Il y avait eu un léger flottement dans les rangs lorsque le pagne de Demimol lui était tombé sur les chevilles, mais le Commandeur avait su gérer la crise brillamment : il avait totalement ignoré l’incident pour continuer son inspection comme si de rien n’était.
Fort heureusement, personne n’avait osé lui faire remarquer qu’il se baladait les joyeuses à l’air, pas même son idiot de second.

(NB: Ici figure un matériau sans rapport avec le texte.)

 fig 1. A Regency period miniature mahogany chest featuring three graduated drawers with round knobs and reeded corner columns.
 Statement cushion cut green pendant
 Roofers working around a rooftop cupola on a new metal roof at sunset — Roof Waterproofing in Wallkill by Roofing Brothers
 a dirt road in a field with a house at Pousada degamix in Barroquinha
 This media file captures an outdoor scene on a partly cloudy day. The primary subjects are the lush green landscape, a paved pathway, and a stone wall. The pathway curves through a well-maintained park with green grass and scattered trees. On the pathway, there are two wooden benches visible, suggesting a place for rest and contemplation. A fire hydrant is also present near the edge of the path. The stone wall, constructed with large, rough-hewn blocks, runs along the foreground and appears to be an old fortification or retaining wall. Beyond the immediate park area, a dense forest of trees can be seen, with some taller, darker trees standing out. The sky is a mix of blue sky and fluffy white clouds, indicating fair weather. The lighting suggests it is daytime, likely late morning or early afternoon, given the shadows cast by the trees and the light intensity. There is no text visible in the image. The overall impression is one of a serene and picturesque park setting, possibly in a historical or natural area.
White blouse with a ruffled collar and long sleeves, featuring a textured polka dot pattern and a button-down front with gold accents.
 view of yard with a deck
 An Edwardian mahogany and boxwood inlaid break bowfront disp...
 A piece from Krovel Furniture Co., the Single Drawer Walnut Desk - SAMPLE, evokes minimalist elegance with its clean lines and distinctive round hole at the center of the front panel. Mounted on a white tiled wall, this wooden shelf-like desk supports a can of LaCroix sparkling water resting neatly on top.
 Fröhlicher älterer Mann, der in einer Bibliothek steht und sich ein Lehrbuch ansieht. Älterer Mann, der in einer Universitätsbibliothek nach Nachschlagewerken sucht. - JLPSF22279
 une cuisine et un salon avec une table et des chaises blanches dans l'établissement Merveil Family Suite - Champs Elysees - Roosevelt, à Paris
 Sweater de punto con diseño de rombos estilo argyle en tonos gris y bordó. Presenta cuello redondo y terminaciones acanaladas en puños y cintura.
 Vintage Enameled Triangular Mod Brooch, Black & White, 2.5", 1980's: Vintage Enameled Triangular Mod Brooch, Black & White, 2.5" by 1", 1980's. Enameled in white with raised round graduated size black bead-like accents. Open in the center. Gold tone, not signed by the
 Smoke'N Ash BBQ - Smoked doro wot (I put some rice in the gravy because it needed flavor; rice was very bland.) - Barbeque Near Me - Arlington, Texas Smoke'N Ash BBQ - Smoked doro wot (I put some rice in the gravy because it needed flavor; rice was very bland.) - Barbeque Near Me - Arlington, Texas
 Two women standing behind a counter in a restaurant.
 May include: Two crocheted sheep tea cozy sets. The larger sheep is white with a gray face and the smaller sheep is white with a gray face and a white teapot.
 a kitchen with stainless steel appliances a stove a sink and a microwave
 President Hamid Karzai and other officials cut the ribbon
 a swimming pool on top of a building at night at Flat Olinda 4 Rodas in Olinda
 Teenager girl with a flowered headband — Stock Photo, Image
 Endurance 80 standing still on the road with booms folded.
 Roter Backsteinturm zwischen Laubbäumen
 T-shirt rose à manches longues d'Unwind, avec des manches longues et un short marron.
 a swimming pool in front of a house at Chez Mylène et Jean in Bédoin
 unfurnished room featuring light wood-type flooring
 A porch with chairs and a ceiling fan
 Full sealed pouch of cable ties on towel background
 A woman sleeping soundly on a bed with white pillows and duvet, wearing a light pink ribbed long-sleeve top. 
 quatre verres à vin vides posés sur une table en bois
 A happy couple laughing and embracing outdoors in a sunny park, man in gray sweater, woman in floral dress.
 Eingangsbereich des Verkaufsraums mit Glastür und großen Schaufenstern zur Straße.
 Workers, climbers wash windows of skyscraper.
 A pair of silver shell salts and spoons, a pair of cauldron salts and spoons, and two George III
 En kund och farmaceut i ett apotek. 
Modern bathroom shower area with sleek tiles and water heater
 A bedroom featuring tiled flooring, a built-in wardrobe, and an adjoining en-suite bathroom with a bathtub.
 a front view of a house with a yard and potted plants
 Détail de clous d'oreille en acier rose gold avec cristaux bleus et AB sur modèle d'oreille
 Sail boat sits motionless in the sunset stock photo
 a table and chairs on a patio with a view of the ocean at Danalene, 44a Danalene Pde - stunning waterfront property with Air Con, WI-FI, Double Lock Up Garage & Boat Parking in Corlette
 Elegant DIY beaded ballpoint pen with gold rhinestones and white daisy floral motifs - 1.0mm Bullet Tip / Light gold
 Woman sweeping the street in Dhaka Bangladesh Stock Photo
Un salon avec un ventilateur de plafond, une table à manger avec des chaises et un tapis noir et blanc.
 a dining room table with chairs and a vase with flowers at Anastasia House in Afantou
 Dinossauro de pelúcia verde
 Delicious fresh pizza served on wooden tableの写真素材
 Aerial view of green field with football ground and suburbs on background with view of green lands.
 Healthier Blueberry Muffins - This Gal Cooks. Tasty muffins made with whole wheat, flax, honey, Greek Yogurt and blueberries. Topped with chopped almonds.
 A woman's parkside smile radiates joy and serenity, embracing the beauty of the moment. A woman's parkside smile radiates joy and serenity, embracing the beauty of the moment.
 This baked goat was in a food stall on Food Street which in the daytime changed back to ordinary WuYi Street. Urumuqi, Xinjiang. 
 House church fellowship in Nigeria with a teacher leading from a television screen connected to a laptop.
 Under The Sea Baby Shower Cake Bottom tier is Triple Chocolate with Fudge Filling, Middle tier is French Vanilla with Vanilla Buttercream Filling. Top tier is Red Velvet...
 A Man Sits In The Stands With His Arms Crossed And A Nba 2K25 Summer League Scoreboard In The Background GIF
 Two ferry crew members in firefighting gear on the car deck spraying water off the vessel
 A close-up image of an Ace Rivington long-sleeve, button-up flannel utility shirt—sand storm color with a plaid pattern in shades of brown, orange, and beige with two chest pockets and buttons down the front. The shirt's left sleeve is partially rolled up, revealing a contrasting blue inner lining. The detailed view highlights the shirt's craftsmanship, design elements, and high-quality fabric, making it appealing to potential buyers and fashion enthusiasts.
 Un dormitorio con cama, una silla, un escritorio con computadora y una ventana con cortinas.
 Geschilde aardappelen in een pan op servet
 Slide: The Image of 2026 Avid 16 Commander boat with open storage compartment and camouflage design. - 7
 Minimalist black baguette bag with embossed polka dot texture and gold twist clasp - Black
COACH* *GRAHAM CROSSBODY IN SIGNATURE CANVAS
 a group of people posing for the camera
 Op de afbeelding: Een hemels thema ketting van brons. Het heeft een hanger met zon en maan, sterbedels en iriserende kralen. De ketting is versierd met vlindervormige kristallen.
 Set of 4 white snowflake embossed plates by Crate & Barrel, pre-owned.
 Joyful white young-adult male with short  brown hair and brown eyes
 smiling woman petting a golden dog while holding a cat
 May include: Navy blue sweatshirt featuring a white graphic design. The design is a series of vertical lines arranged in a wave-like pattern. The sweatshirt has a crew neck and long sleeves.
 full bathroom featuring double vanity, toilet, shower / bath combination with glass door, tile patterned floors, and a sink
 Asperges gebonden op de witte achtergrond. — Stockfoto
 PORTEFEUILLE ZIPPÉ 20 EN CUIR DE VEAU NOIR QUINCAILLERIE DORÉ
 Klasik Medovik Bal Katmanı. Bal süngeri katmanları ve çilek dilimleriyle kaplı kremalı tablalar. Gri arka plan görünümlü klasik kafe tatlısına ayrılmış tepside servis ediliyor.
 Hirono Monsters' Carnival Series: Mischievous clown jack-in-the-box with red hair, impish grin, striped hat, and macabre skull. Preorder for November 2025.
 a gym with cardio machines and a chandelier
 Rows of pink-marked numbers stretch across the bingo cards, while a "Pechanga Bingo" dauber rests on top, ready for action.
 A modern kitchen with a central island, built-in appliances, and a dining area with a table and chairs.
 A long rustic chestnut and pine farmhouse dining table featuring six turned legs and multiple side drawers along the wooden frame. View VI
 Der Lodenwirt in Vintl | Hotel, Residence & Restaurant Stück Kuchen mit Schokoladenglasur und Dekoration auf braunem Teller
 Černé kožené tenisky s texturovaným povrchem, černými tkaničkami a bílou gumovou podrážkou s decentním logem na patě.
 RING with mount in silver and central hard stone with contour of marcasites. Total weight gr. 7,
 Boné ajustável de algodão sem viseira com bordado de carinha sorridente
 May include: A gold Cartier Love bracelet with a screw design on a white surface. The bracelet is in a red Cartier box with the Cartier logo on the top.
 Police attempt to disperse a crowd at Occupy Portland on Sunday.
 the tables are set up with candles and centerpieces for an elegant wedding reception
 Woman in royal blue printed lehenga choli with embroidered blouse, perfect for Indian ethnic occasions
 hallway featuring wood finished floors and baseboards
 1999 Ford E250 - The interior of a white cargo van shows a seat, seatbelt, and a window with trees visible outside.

Tout juste ressentit il un léger malaise, accentué par le fait qu’il commençait à sérieusement se geler les miches, en montant sur l’estrade d’où il devait prononcer un discours de bienvenu aux nouveaux capitaines dirigeant sa flotte.
Il balaya rapidement cette gène en descendant d’un trait une bouteille de whisky neptunien, avant de finalement s’intéresser à la masse de visages levés vers lui.
Bordel, ils sont vraiment nombreux... Et je connais pas un seul de ces connards...
Le silence prolongé de leur chef, ainsi que son absolue nudité il faut bien le dire, commença à rendre les hommes présent légèrement nerveux. Ils échangèrent des regards pour le moins perplexes.
S’agit de pas foirer mon discours et de les accrocher tout de suite avec une phrase choc. La première impression est souvent la dernière, faut que ces petits cons me mangent dans la main...
Si la phase de réflexion de Demimol lui parut assez courte, grâce à l’ingestion massive d’alcool, je peux vous jurer que les 5 minutes que passèrent la centaine de généraux présent qui, eux, n’avaient pas bu une goute, à contempler un exhibitionniste se prétendant leur Commandeur entrain de marmonner sur une estrade dans le plus simple appareil furent probablement les plus longues de leur vie.
Finalement Demimol parut trouver l’illumination. Il releva la tête, prit une profonde inspiration, leva son verre alors qu’une centaine de paire d’oreille se tendaient à l’affut des premiers propos qu’allait leur adresser leur étrange général, et gueula :
- Alors les tarlouzes, on tient pas l’alcool ?!
Avant de tomber à la renverse comme une masse et de s’endormir dans la foulée.
Un silence gêné s’installa dans la salle.
Puis les capitaines sortirent un à un alors que les ronflements tonitruant de Demimol commençaient à s’élever de l’estrade.